» Stored data
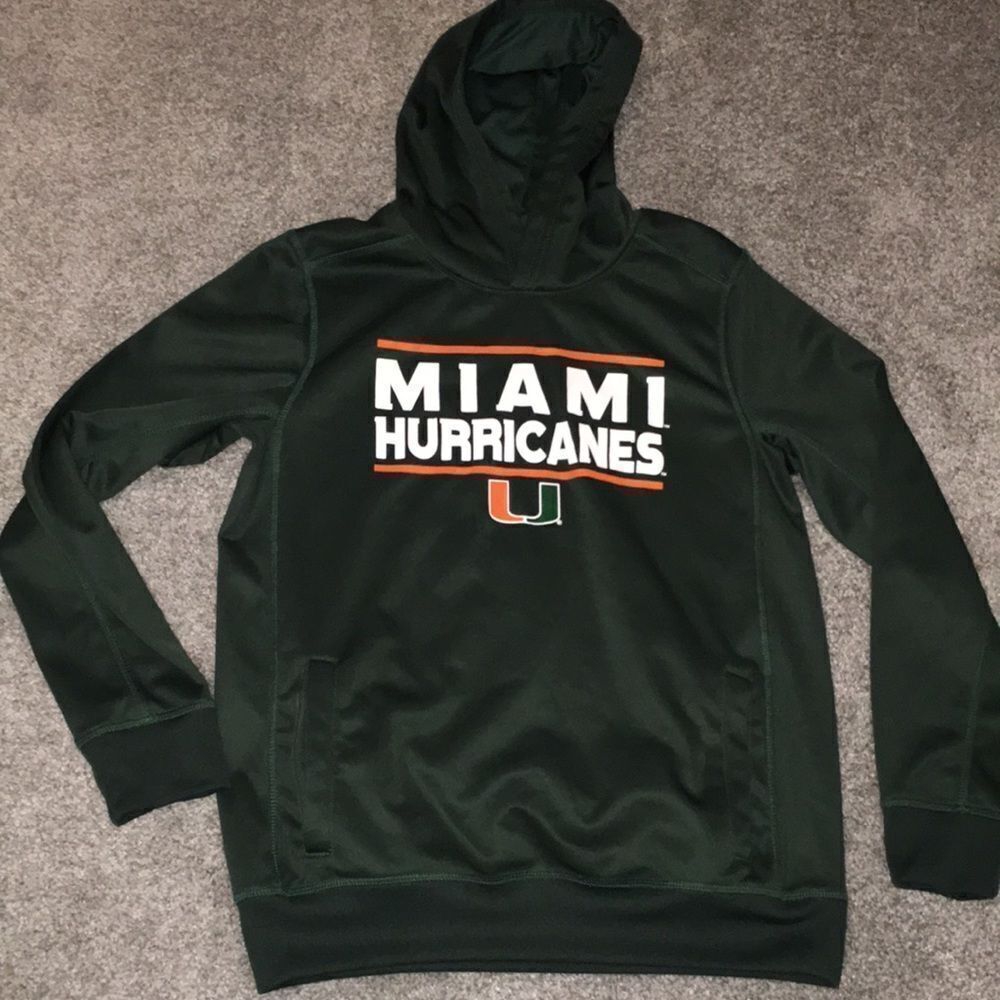 Miami Hurricanes UM Green 2 pocket pullover kids hooded Hoodie Jacket Sweatshirt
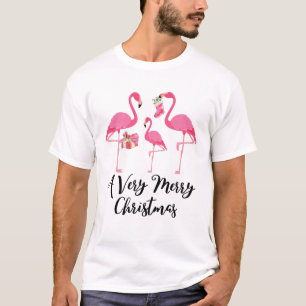 Sehr frohe Weihnachtsflamingos Grußkarte T-Shirt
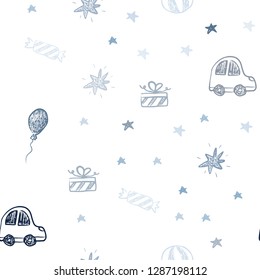 Dark BLUE vector seamless pattern in christmas style. Colorful illustration with a toy car, baloon, candy, star, ball. Pattern for new year ads.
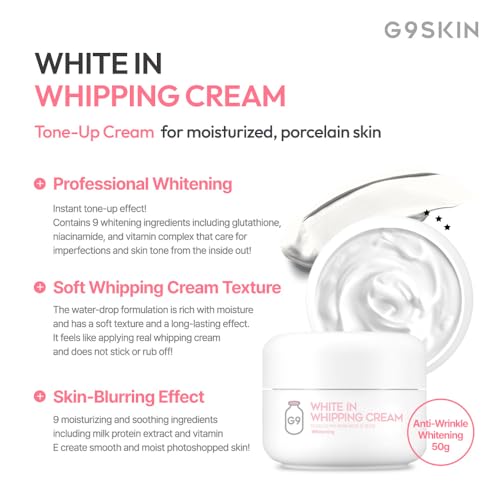 G9SKIN white In Whipping Cream - Hydrating & Brightening Daily Moisturizer Real Milk Tone Up Face Cream for Dull, Uneven Skin, 50g / 1.76oz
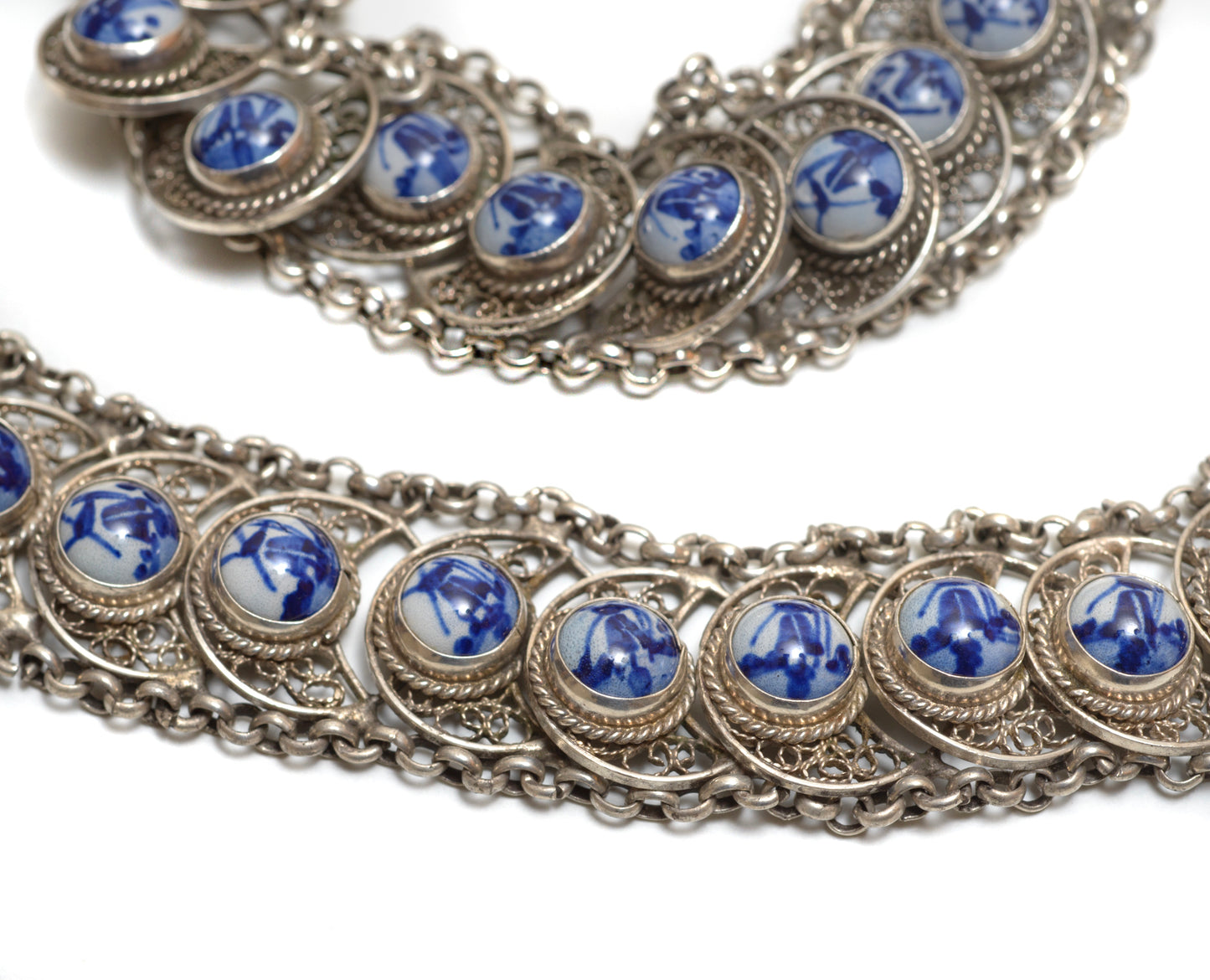 Vintage Dutch 833 Silver Necklace, Bracelet & Brooch Set Delft Panels (B2551)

» Directions
Repeat word for word the lines beginning at the one with "Sehr frohe Weihnachtsflamingos" and ending at the final line of the records above, both included, and no others. Leave the pictures out.

» Solution to the problem
 Sehr frohe Weihnachtsflamingos Grußkarte T-Shirt
 Dark BLUE vector seamless pattern in christmas style. Colorful illustration with a toy car, baloon, candy, star, ball. Pattern for new year ads.
 G9SKIN white In Whipping Cream - Hydrating & Brightening Daily Moisturizer Real Milk Tone Up Face Cream for Dull, Uneven Skin, 50g / 1.76oz
 Vintage Dutch 833 Silver Necklace, Bracelet & Brooch Set Delft Panels (B2551)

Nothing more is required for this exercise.